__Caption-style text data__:

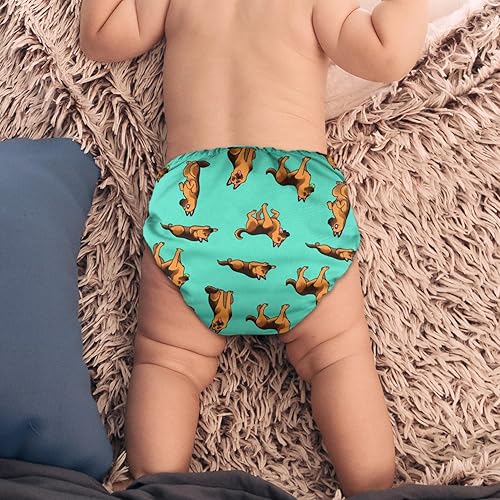 Miniatura 10 de WIRESTER Pañal de tela para bebé, tamaño único, ajustable, lavable, reutilizable, pañal de bolsillo de tela para bebé, Bulldog Inglés, posturas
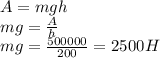 A=mgh\\mg=\frac{A}{h} \\mg=\frac{500000}{200} = 2500 H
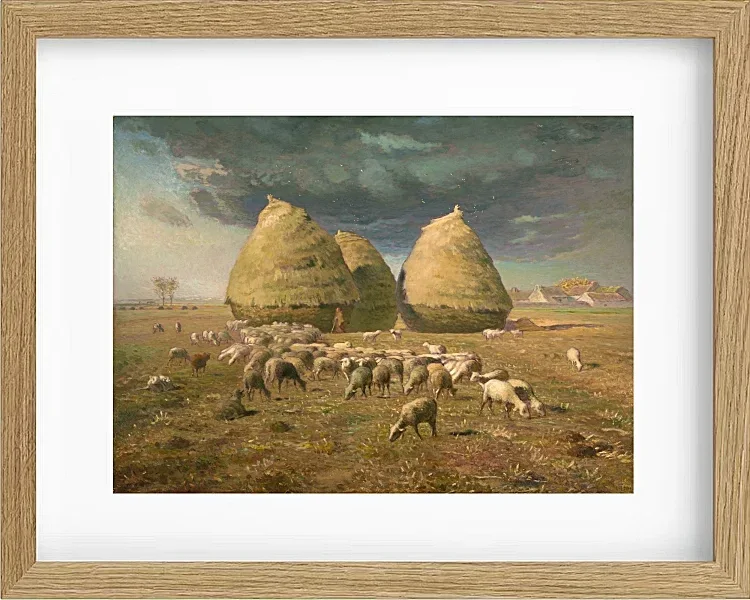 Jean-François Millet – Heuhaufen, Herbst 1874 | Giclée Kunstdruck gerahmt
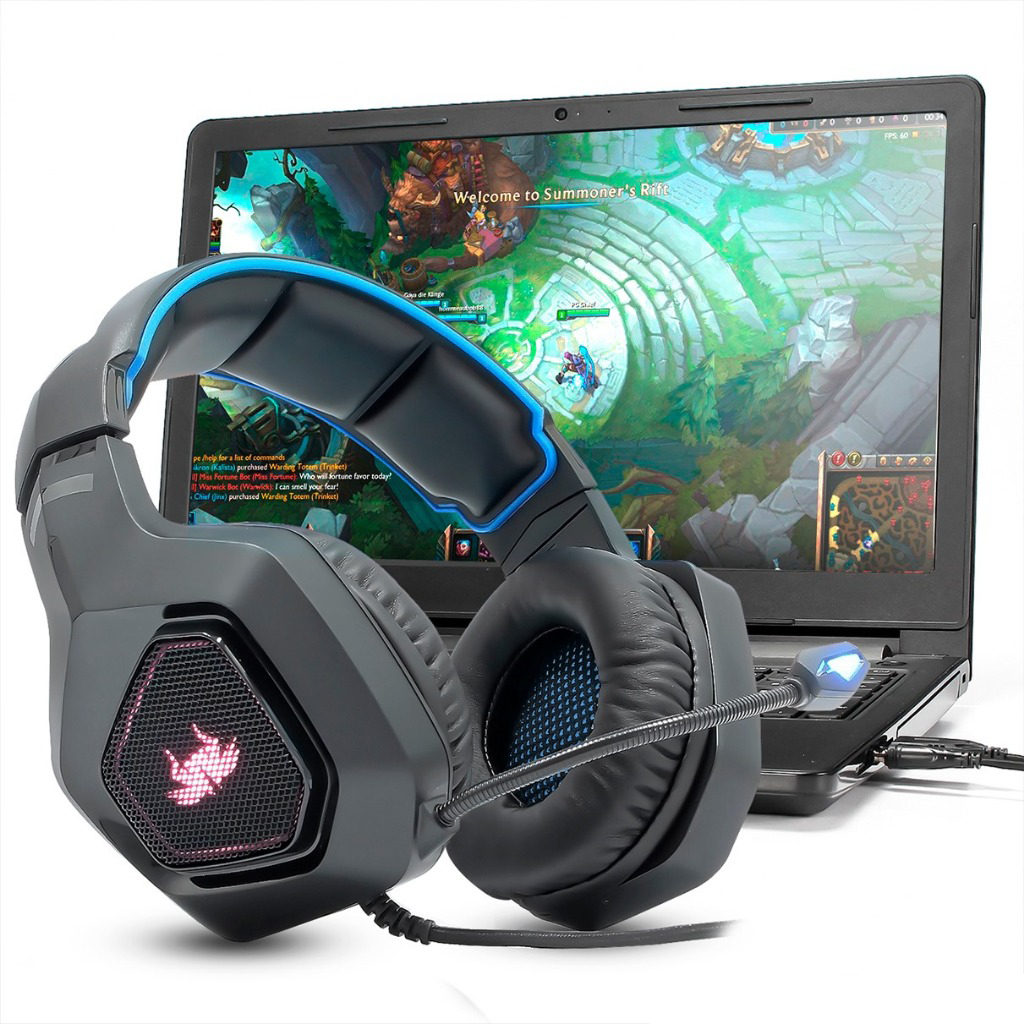 Fone Headset Gamer LED RGB Com Microfone Compatível com PC X-ONE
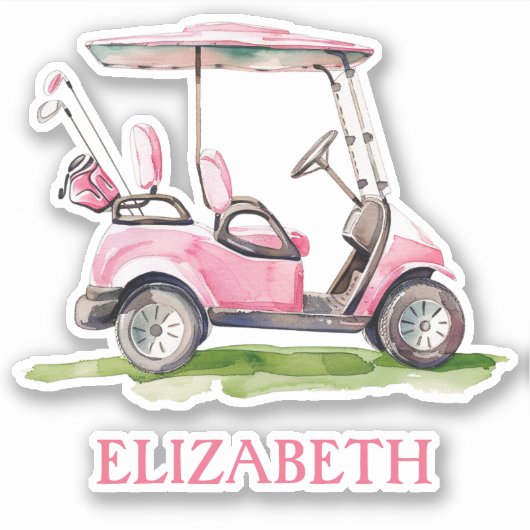 Sticker Panier de golf Preppy Pink Personnalisé (Devant)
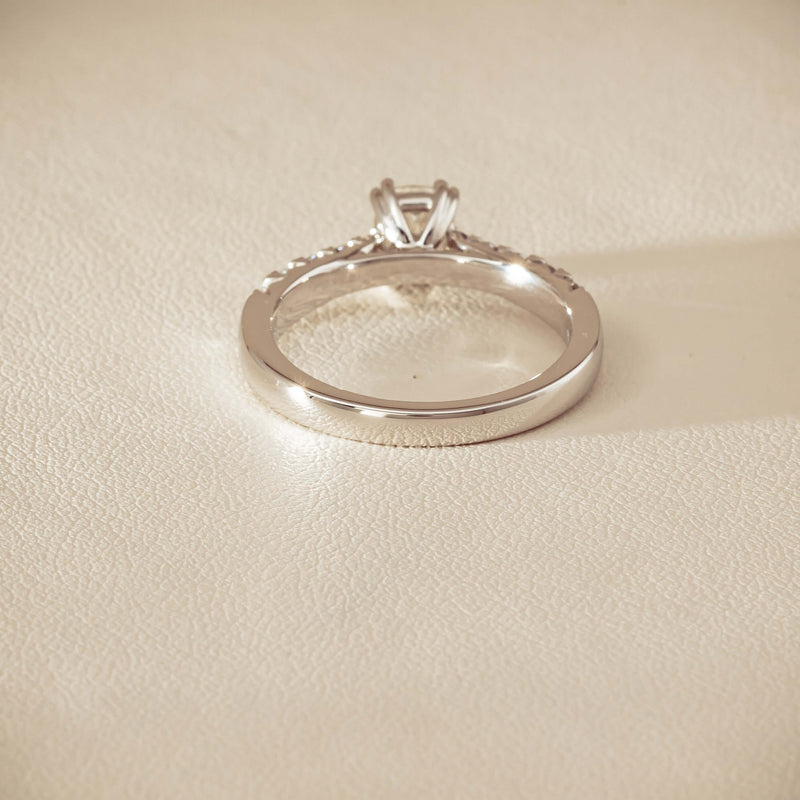 18ct White Gold .81ct Cushion-Cut Diamond Phoenix Ring - Ring - Walker & Hall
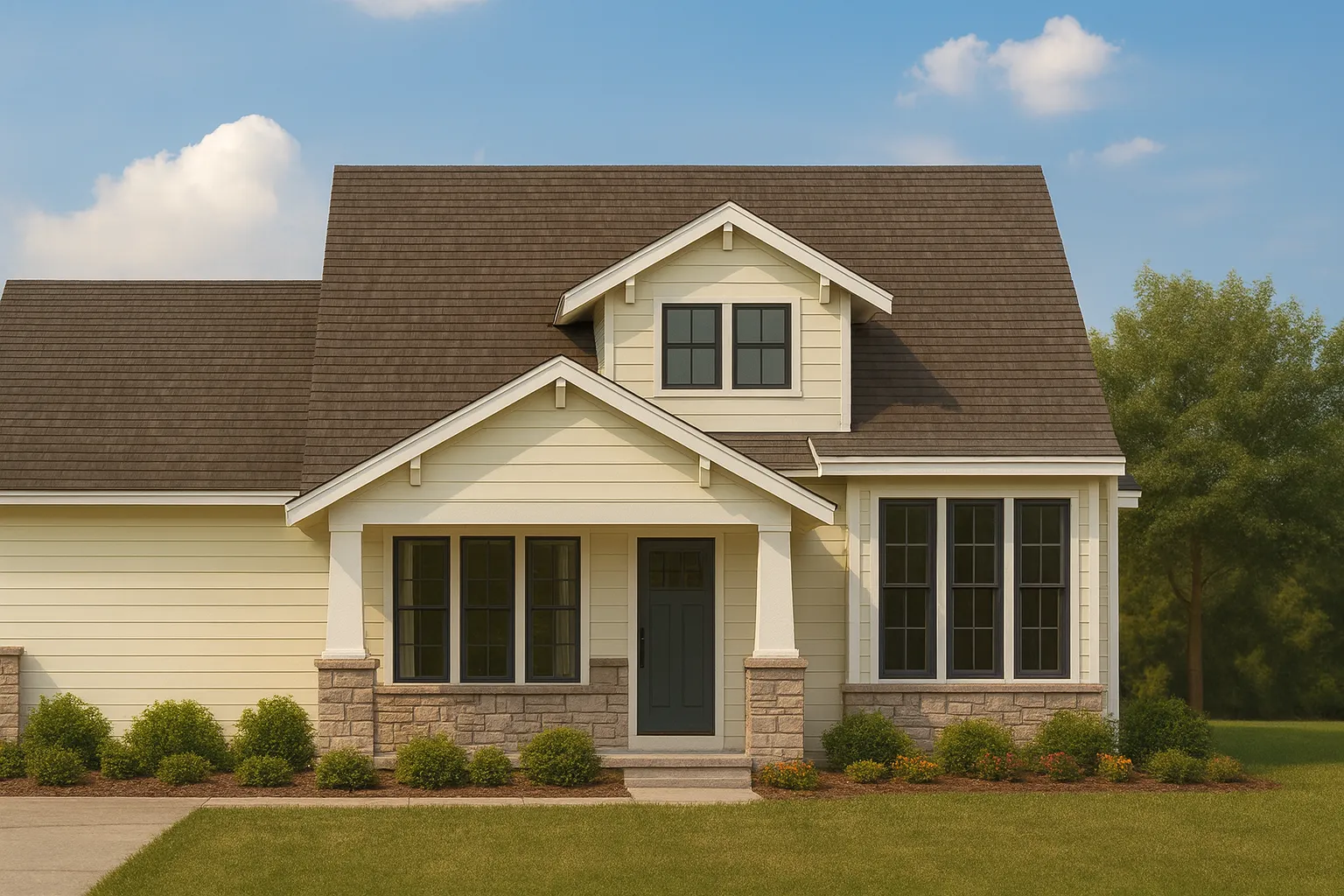 Front view of a Traditional Ranch style house featuring horizontal lap siding, stone wainscoting, gable rooflines, and clean suburban curb appeal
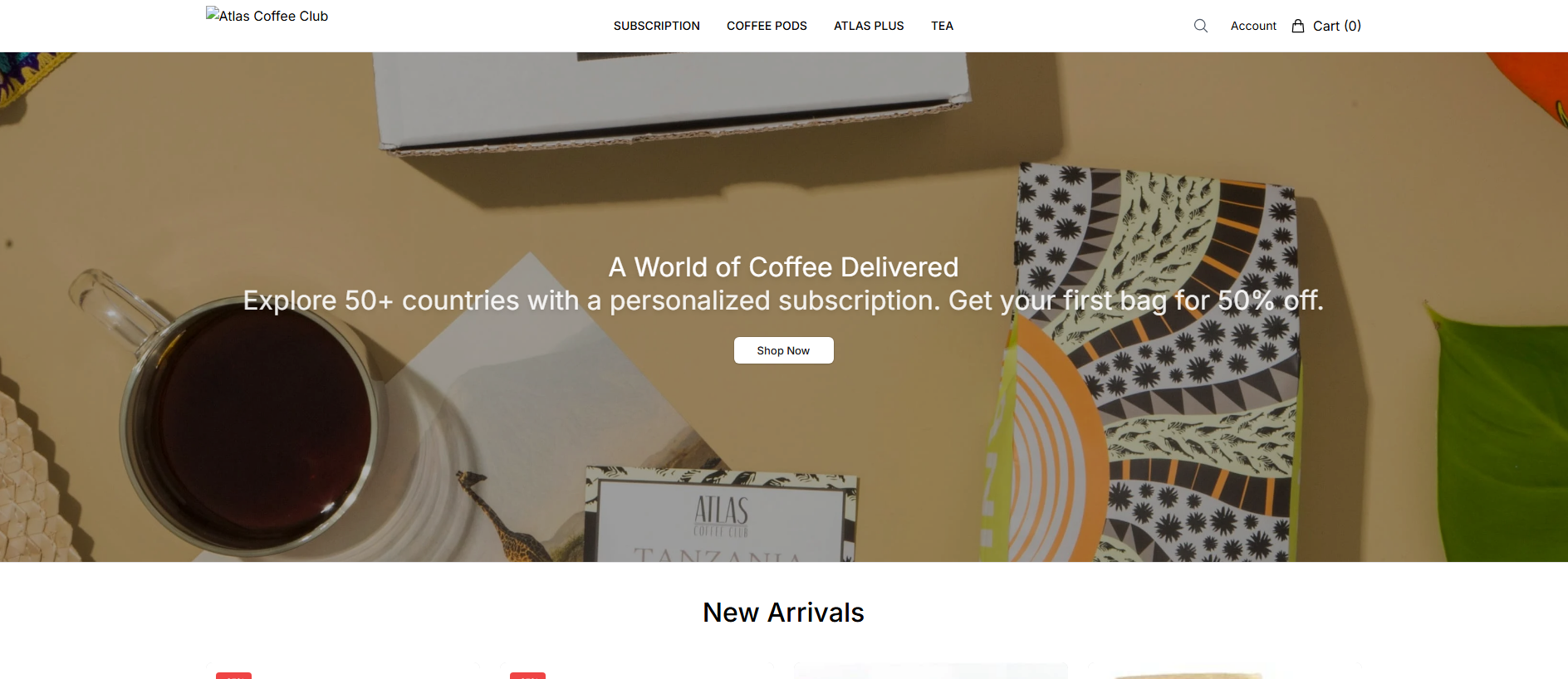 Stored capture of atlascoffeeclubco.shop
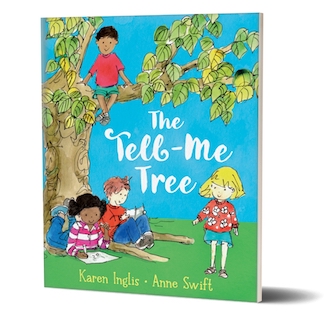 Kids talking and reading beneath a tree - the front cover of 'The Tell-Me Tree, by Karen Inglis and Anne Swift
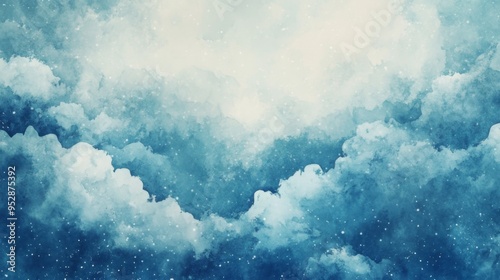 Clouds and sky watercolor hand drawn illustration. Abstract blue snowflakes winter watercolour background. Sky pattern with snow. Light blue watercolour paper texture background.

__WORK INSTRUCTIONS__:
Please output, exactly as written, the lines above from the one holding "Fone Headset Gamer" through the one holding "18ct White Gold", both included, with the pictures omitted.

__RESULT OF THIS EXERCISE__:
 Fone Headset Gamer LED RGB Com Microfone Compatível com PC X-ONE
 Sticker Panier de golf Preppy Pink Personnalisé (Devant)
 18ct White Gold .81ct Cushion-Cut Diamond Phoenix Ring - Ring - Walker & Hall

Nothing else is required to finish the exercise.